The Montgomery County Historical Commission held a dedication of an historical marker for the 101-year-old W.A. Gertrude and Dean Home in Magnolia.

Montgomery County Historical Commission Chairman Foerster speaking at the dedication.

The dedication took place the morning of October 26 at the home, located at 503 Commerce Street in Magnolia.

Henry Dean speaking at the dedication, with Montgomery County Historical Commission Chair Larry Foerster.

Special guests participated in the official unveiling of the marker, including Magnolia Historian Celeste Graves, Precinct 2 County Commissioner Charlie Riley, retired Precinct 5 Constable David Hill and Henry Dean, family member of W.A. and Gertrude Dean.

The unveiling of the marker, with members of the Dean Family, Magnolia Historian Celeste Graves and Precinct 2 County Commissioner Charlie Riley.
Magnolia Historian Celeste Graves speaking at the dedication.
Magnolia Historian Celeste Graves speaking at the dedication.

Montgomery County Historical Commission Marker Chairperson Sharon Russell talked about the history of the Dean home.

“I’ve got a great fondness for this house, and I call it the house that love built because of the story involved,” said Russell. “Now the world was a whole lot different 100 years ago here in Magnolia. The population in 1900 was 25.”

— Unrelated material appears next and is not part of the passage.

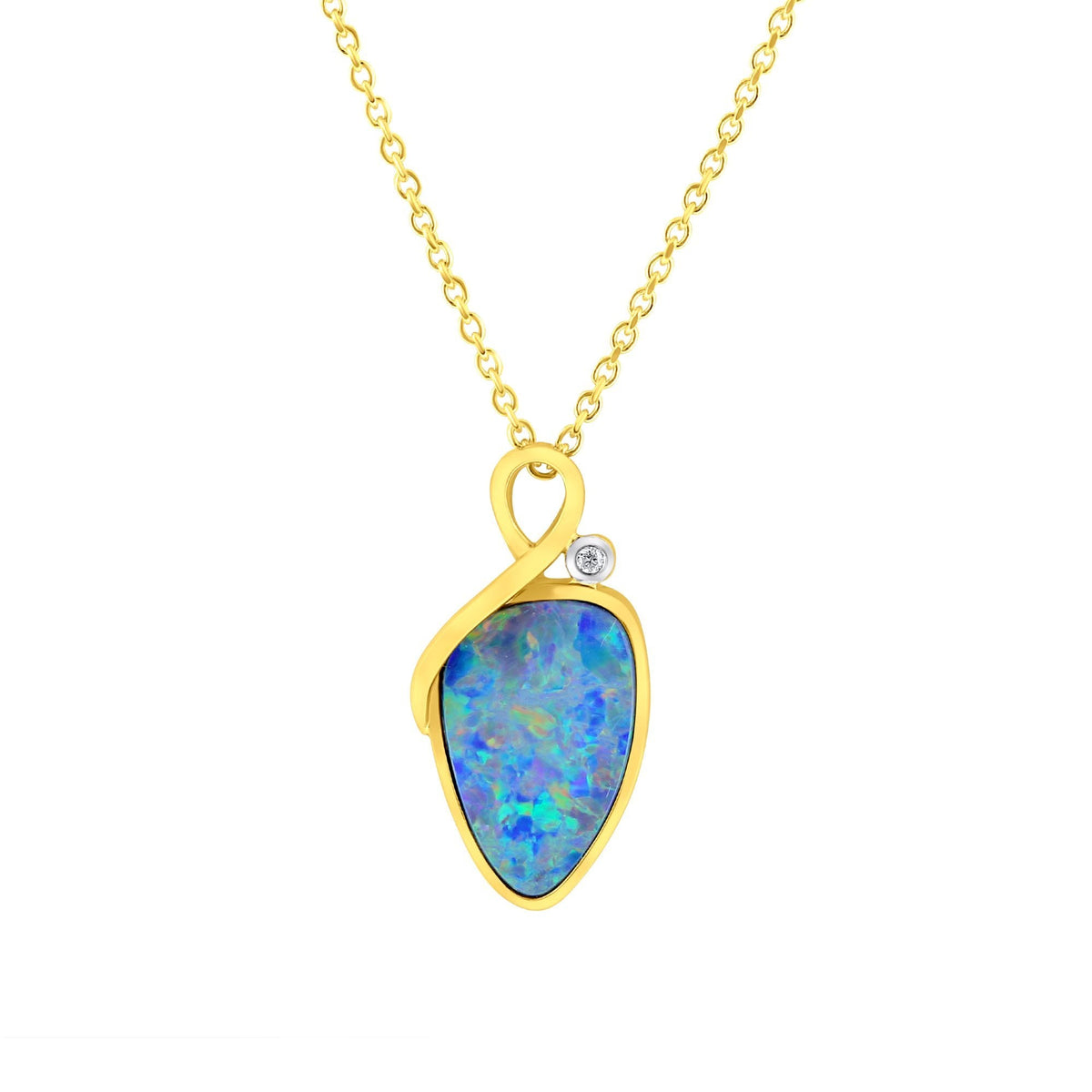 14ct yellow gold 2.35ct opal doublet & 0.01ct diamond pendant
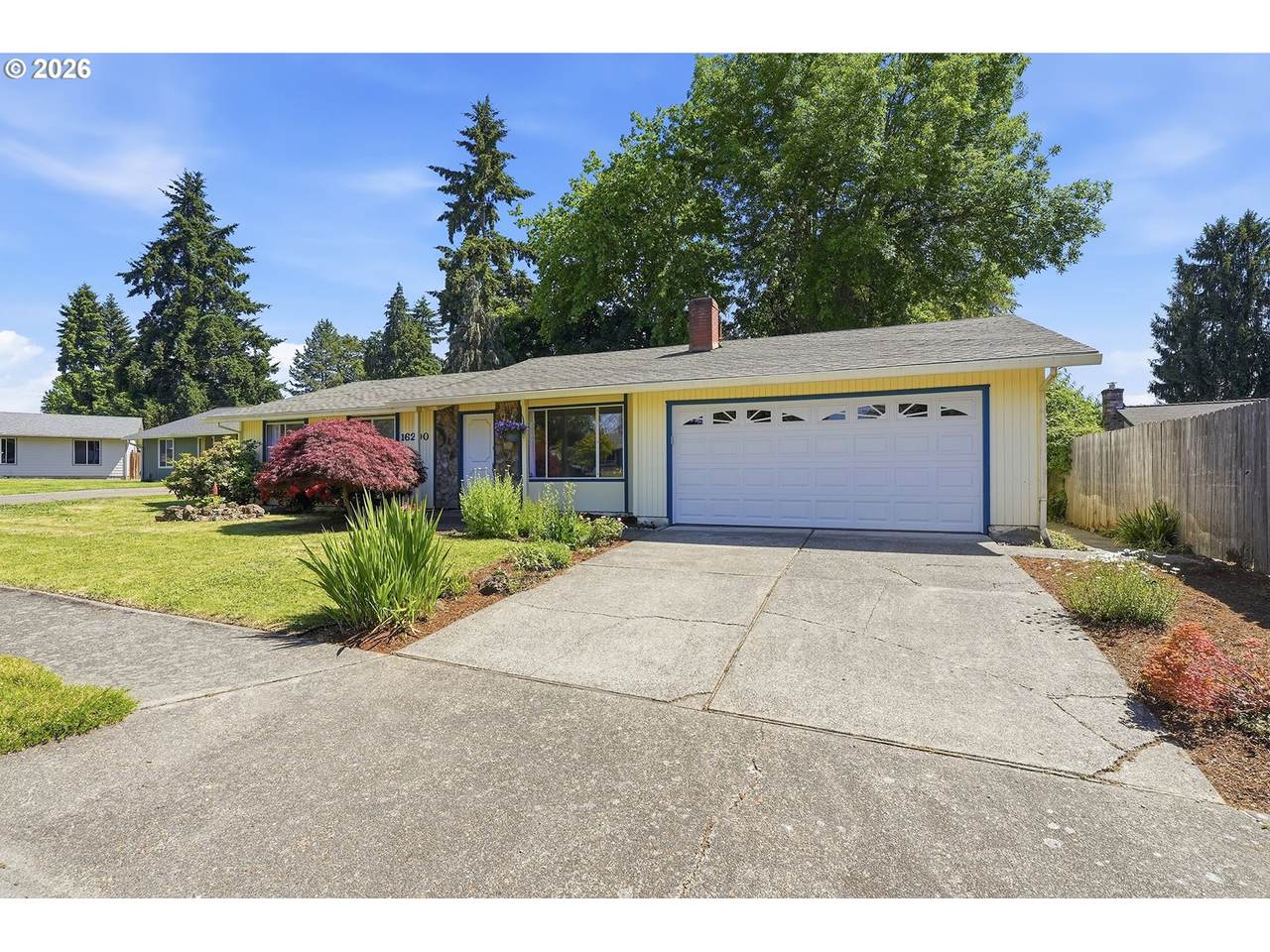 https://bt-photos.global.ssl.fastly.net/portland/1280_boomver_1_758658577-2.jpg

Sharon Russell, Montgomery County Historical Commission Marker Chairperson, speaking at the dedication.

Russell said the town started to grow.

“In 1902 the rail road came through and the area was named Magnolia in 1903. In 1915, this was a boom town; it had grown to a population of 150,” said Russell. “We had all kinds of great things, just like a metropolis. We had telephone service, a sawmill, a Baptist and Methodist church, a blacksmith, a hotel, a real estate office, a confectionery, which is a sweets shop. We also had a cotton gin and two general stores.”

Russell said one of the general stories was started by the Dean brothers.

“That was T.R., who was Roy, Frank and Willie, or W.A.,” said Russell. Willie was the bookkeeper of the group, he was the numbers guy. “The Dean brothers opened their store on January 1, 1902.”

State Senator Brandon Creighton, members of Magnolia City Council, Celeste Graves and Precinct 2 County Commissioner Charlie Riley at the dedication.

Russell said Willie, or W.A. Dean, was a well-to-do bachelor in his forties.

“He courted a lot of the ladies here, and no one tickled his fancy until Gertrude appeared in town, and boy was he smitten,” said Russell. “He told his friend that he was going to marry that girl. His friend laughed at him. They had box lunches back then, and he bought her box. When he sat down to have lunch, he handed her a little box. The little box had a diamond solitaire ring in it. He told her that he was going to marry her one day. She had grown up in the Houston area, and told him I wouldn’t marry a hayseed like you for nothing.”

Russell said Willie Dean wouldn’t take no for an answer, and so he started building the Dean Home in 1919.

“He bought this piece of property and started building this house. This house is built out of hard woods and pines, that were milled right here at the sawmill in Magnolia, said Russell. “Every week, he would send her (Gertrude) a polaroid picture of the progress he was making on the house. 1920 rolls around, and the house is finished and furnished, and she agreed to marry him.”

Members of the Montgomery County Historical Commission, including Chairman Larry Foerster, along with Celeste Graves, former Precinct 5 Constable David Hill and Precinct 2 Commissioner Charlie Riley at the dedication.

Russell said the Dean’s were married on June 14, 1920.

“They stay married until 1963, when Willie died. They raised their family here. They did a lot in this community,” said Russell.

Russell said there are many people who have helped preserve the Dean home, including Celeste Graves and Anne Sundquist, who is a previous owner of the home.

The current owners of the home are Robert M. (Matt) and Gina Clark.